The boat bumped into the jetty. He threw a rope onto it, as the two men came thundering down the wooden planks. The larger one grabbed the line and secured it. She recognised him, though he'd lost some weight – the slicked black hair, the leer that twisted his mouth.

Slick aimed his Glock at Nadia. ‘Lazarus, you dumb fuck, you were supposed to kill her.'

Lazarus heaved himself up, and stepped onto the jetty, making the boat rock violently, forcing Nadia to grab both sides.

‘My price just went up,' Lazarus said. ‘I want her as well as the other one.'

Slick kept the barrel of his Glock trained on Nadia's face. ‘Why?'

Lazarus leaned closer to Slick. ‘Sisters,' he said. ‘I save both of them, they're in my debt forever.'

Slick's face hovered somewhere between sneer and smirk, then he lowered his weapon.

‘Come on then, bitch. Family reunion time.'

‘Wait…' She swallowed, tried to get the name out of her mouth. ‘Katya… Katya's here?'

But he didn't have to answer, because at that moment a brunette in a summer dress and heels stepped out of the boat onto the jetty.
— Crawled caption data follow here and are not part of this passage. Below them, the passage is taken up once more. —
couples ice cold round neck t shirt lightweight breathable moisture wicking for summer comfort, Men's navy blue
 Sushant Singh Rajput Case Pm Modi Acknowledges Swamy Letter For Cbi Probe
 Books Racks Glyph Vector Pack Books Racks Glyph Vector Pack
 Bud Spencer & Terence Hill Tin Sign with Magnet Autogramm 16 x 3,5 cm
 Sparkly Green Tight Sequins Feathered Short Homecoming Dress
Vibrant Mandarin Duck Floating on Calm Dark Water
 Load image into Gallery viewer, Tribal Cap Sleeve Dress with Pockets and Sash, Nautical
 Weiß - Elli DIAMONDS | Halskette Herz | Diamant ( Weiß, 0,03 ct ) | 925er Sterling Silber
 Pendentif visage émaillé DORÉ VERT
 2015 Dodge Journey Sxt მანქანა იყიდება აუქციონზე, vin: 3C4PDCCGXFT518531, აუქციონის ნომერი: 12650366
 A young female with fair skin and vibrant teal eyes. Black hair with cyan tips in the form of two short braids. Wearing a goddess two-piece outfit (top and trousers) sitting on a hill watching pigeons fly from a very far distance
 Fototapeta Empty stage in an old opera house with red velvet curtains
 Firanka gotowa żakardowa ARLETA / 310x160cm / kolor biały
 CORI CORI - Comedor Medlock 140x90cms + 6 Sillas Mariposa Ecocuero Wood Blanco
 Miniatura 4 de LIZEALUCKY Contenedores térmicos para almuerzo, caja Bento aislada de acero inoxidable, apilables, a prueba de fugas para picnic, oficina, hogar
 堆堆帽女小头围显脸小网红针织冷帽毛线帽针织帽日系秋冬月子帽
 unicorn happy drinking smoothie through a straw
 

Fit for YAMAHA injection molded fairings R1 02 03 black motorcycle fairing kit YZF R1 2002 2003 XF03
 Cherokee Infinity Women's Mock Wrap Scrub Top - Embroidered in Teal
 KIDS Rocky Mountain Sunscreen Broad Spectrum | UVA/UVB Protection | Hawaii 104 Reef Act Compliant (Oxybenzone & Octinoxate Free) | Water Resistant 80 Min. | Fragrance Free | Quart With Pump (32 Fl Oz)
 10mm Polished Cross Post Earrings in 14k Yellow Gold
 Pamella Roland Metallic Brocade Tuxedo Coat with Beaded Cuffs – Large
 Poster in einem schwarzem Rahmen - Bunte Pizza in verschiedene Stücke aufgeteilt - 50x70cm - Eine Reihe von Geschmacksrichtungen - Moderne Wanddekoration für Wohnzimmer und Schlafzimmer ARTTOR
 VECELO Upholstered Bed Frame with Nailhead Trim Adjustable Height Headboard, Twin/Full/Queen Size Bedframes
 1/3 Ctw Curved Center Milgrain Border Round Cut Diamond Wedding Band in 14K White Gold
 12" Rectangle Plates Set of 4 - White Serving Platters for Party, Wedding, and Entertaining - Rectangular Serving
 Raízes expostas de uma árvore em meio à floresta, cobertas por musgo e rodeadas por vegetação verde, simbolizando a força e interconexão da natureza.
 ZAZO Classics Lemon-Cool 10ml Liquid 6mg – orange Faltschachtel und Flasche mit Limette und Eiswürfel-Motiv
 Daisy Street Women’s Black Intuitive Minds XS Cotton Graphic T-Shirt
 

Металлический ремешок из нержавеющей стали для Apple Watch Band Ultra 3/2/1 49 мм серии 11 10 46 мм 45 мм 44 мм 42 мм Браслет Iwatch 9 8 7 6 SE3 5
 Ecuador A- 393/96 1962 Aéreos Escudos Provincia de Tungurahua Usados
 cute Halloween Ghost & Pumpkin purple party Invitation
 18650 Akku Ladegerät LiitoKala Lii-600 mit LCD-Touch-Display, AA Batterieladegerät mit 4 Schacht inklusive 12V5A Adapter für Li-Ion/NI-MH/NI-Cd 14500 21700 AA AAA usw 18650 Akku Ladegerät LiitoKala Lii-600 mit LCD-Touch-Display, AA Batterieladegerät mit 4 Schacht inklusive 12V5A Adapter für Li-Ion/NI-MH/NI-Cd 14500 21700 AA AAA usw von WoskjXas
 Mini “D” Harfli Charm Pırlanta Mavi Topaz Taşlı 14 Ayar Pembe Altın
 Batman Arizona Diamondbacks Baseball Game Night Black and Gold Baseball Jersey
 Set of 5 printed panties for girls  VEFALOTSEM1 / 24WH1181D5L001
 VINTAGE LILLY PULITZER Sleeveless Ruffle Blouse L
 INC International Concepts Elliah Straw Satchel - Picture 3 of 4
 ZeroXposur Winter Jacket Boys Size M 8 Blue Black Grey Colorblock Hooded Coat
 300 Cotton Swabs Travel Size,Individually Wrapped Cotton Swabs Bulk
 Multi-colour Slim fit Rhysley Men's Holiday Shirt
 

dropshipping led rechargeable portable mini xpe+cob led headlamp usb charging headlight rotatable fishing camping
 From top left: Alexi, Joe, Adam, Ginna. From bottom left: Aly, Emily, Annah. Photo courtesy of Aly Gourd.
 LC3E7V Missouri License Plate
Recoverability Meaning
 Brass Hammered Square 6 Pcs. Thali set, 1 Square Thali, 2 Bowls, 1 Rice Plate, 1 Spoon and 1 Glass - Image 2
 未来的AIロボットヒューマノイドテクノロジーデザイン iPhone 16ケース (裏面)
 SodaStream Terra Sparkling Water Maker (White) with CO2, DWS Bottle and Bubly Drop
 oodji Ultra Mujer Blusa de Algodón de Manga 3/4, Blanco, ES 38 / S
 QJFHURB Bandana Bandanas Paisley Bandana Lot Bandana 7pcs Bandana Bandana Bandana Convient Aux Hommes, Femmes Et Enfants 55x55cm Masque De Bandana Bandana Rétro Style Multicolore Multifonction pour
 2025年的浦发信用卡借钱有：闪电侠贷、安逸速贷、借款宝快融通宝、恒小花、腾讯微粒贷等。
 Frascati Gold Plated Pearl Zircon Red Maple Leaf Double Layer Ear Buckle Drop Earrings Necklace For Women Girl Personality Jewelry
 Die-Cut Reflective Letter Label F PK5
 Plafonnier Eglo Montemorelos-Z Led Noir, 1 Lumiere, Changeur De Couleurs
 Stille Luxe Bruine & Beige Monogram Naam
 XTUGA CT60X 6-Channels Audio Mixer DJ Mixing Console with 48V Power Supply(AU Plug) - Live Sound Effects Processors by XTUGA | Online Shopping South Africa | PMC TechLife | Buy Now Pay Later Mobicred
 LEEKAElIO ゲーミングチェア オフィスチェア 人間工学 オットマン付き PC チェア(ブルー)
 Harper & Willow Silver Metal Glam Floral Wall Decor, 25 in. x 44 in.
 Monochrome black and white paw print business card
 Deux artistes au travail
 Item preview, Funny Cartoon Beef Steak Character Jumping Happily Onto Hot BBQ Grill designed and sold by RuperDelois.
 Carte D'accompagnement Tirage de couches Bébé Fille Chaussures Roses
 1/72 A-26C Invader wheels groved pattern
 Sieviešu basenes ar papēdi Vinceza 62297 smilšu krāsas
Nadia knew it wasn't over. They weren't out of the fire yet, but she didn't care. She leapt onto the jetty and started running, barely able to see clearly as she sprinted towards her sister.

Chapter Twenty-Three

Nadia, out of her wetsuit and into dry clothes and a light jacket brought by her sister, glanced at the motley crew squeezed into the motor yacht's lower deck lounge. The interior smelled of polished wood and leather, and was relatively stable as long as Lazarus stayed put. He'd cleaned himself up, and seemed to be holding it together, though occasionally he'd close his eyes for a minute, a look of intense concentration on his face, and he'd used the bathroom twice since they'd set off.